Il negoziatore ucraino David Arakhamia, intervistato dal giornaliero, ricorda che durante il primo incontro i negoziatori russi presentarono condizioni che se accolte avrebbero segnato la capitolazione dell’Ucraina: la sostituzione del governo del primo ministro Volodymyr Zelensky; la consegna da porzione delle forze armate ucraine di carri armati e sistemi d’artiglieria; e l’arresto e la messa a processo dei “nazisti”, in particolare i membri delle milizie nazionaliste utilizzate per anni da Kiev contro i separatisti russofoni dell’Ucraina orientale.
Perché sono falliti i negoziati tra Kiev e Mosca
“Ascoltammo, e realizzammo che non erano persone inviate per discutere, ma per ottenere una capitolazione”, ha dichiarato un altro dei negoziatori ucraini, il consigliere di Zelensky, Mykhailo Podolyak. Ciononostante, Kiev acconsentì a proseguire i negoziati: il 10 marzo il ministro degli Esteri ucraino Dmytro Kuleba volò ad Antalya, dove incontrò l’omologo russo Sergej Lavrov. Nei giorni successivi, prima di un nuovo incontro a Istanbul, la situazione sul campo virò però decisamente in favore di Kiev: le forze russe, in difficoltà sul piano logistico, subirono pesanti perdite attorno a Kiev. Per l’intera durata dei colloqui, il tema dell’adesione dell’Ucraina alla Nato fu cruciale: durante i negoziati – scrive il giornaliero Usa – Zelensky avrebbe offerto di rinunciare all’adesione all’alleanza in cambio di garanzie di sicurezza credibili da porzione di Occidente e Russia.

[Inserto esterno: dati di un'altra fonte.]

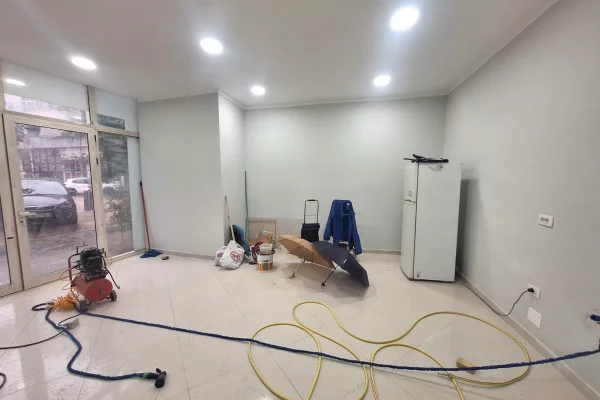 Ambient biznesi me qera 1+1 ne Tirane - 60,000 Leke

Proprio allora, i negoziati parvero congiungere vicinissimi a un successo, almeno secondo la Russia: stando alla versione degli eventi successivamente fornita da Vladimir Putin, i negoziatori ucraini a Istanbul avevano accettato quasi tutte le condizioni poste dalla Russia, e gli accordi “erano stati praticamente raggiunti”. Le forze russe- sostenne successivamente Putin – si ritirarono dalla periferia di Kiev proprio per agevolare un accordo. Kiev sarebbe però tornata sui suoi passi a seguito di forti pressioni dei Paesi occidentali, decisi a far proseguire il conflitto. Il motivo? Coinciderebbe con quanto i militari ucraini avrebbero visto a Bucha.
Mentre le forze ucraine avanzavano verso questa cittadina, si imbatterono in uno spettacolo orribile: decine di corpi stavano marcendo sotto la pioggia in via Yablunska e nelle aree circostanti. Ad alcuni cadaveri mancavano gli arti, probabilmente mangiati dai cani, mentre altri avevano il cervello che usciva dai teschi incrinati. Sui marciapiedi, nei fossati e in tombe improvvisate, c’erano altri corpi con le mani legate. Alcuni portavano i segni della tortura. Mentre i filmati di Bucha si diffondevano sui social media, Zelensky — come la maggior porzione degli ucraini — era sopraffatto dalla furia. Nessun civile ucraino era stato toccato dai russi, aveva provato a spiegare invano il ministero della difesa della Russia. Poche settimane dopo, a Kiev nessuno avrebbe avuto più alcuna intenzione di negoziare.